● **Work instruction**: In the entries that follow, find the line containing "3種類の新鮮な野菜のレシピ"; from there, copy every line exactly through the line containing "電焊實習(xí)自我總結(jié)".

● **Saved entries**:

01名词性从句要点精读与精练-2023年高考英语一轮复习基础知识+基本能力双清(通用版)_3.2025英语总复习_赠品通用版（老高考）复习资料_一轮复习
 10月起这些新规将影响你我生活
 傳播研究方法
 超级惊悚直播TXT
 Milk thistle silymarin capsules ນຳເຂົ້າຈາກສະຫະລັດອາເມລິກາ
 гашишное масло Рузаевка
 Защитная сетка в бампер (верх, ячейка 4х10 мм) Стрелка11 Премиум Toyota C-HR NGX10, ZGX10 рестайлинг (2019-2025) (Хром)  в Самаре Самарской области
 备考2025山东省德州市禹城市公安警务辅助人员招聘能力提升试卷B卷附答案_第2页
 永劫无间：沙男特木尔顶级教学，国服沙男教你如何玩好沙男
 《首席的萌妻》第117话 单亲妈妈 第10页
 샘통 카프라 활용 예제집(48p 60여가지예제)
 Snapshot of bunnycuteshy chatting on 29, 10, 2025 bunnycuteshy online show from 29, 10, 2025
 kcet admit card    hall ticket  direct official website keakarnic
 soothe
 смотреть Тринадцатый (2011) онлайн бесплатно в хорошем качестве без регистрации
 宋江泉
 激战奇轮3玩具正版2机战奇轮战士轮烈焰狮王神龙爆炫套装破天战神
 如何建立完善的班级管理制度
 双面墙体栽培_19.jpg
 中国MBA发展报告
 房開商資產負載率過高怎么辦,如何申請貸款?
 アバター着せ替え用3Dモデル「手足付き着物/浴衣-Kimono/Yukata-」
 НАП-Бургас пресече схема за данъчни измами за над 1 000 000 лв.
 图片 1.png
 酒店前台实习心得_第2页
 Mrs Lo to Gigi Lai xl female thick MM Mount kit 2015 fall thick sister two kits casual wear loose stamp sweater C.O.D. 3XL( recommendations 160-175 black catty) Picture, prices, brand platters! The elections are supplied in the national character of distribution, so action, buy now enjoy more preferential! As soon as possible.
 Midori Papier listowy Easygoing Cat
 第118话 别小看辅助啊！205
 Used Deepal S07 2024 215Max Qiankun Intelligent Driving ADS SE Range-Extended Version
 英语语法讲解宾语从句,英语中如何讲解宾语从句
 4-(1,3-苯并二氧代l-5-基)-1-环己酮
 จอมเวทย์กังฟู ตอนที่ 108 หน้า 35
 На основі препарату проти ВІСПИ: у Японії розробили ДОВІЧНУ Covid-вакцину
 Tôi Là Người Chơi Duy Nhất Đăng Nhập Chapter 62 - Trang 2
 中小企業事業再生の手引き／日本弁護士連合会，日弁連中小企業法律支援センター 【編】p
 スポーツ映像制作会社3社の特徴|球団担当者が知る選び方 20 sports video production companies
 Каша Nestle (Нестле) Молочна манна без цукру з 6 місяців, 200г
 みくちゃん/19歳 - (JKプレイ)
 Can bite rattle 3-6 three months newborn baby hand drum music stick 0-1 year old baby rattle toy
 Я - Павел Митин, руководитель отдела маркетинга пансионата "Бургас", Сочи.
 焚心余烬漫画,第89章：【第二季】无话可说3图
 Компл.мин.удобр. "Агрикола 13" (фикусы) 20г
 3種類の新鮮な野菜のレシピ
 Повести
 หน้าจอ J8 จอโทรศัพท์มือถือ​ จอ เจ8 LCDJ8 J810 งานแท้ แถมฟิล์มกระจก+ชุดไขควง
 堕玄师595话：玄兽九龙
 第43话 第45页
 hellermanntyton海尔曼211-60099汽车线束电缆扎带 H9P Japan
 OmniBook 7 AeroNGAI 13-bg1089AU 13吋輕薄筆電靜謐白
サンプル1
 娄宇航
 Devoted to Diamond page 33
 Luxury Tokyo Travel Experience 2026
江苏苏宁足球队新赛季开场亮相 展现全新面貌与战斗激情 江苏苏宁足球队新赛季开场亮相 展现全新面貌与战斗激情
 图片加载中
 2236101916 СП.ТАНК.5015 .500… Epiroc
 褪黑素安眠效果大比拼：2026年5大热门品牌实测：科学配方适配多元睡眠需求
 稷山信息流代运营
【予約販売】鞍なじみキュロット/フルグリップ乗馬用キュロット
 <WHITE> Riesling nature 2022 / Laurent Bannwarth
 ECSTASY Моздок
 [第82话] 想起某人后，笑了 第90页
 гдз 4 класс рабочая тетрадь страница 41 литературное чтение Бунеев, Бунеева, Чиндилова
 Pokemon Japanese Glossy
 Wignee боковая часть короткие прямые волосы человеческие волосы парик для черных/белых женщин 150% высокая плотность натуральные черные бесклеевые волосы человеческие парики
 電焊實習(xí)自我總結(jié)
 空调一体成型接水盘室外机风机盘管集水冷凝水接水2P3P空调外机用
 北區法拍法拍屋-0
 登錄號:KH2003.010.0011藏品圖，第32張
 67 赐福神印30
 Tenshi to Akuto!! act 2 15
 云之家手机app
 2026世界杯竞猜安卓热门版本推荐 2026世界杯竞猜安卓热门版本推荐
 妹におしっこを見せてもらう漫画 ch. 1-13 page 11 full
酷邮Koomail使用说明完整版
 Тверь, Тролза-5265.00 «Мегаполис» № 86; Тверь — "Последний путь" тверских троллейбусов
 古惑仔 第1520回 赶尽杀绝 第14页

● **Result below**:
 3種類の新鮮な野菜のレシピ
 Повести
 หน้าจอ J8 จอโทรศัพท์มือถือ​ จอ เจ8 LCDJ8 J810 งานแท้ แถมฟิล์มกระจก+ชุดไขควง
 堕玄师595话：玄兽九龙
 第43话 第45页
 hellermanntyton海尔曼211-60099汽车线束电缆扎带 H9P Japan
 OmniBook 7 AeroNGAI 13-bg1089AU 13吋輕薄筆電靜謐白
サンプル1
 娄宇航
 Devoted to Diamond page 33
 Luxury Tokyo Travel Experience 2026
江苏苏宁足球队新赛季开场亮相 展现全新面貌与战斗激情 江苏苏宁足球队新赛季开场亮相 展现全新面貌与战斗激情
 图片加载中
 2236101916 СП.ТАНК.5015 .500… Epiroc
 褪黑素安眠效果大比拼：2026年5大热门品牌实测：科学配方适配多元睡眠需求
 稷山信息流代运营
【予約販売】鞍なじみキュロット/フルグリップ乗馬用キュロット
 <WHITE> Riesling nature 2022 / Laurent Bannwarth
 ECSTASY Моздок
 [第82话] 想起某人后，笑了 第90页
 гдз 4 класс рабочая тетрадь страница 41 литературное чтение Бунеев, Бунеева, Чиндилова
 Pokemon Japanese Glossy
 Wignee боковая часть короткие прямые волосы человеческие волосы парик для черных/белых женщин 150% высокая плотность натуральные черные бесклеевые волосы человеческие парики
 電焊實習(xí)自我總結(jié)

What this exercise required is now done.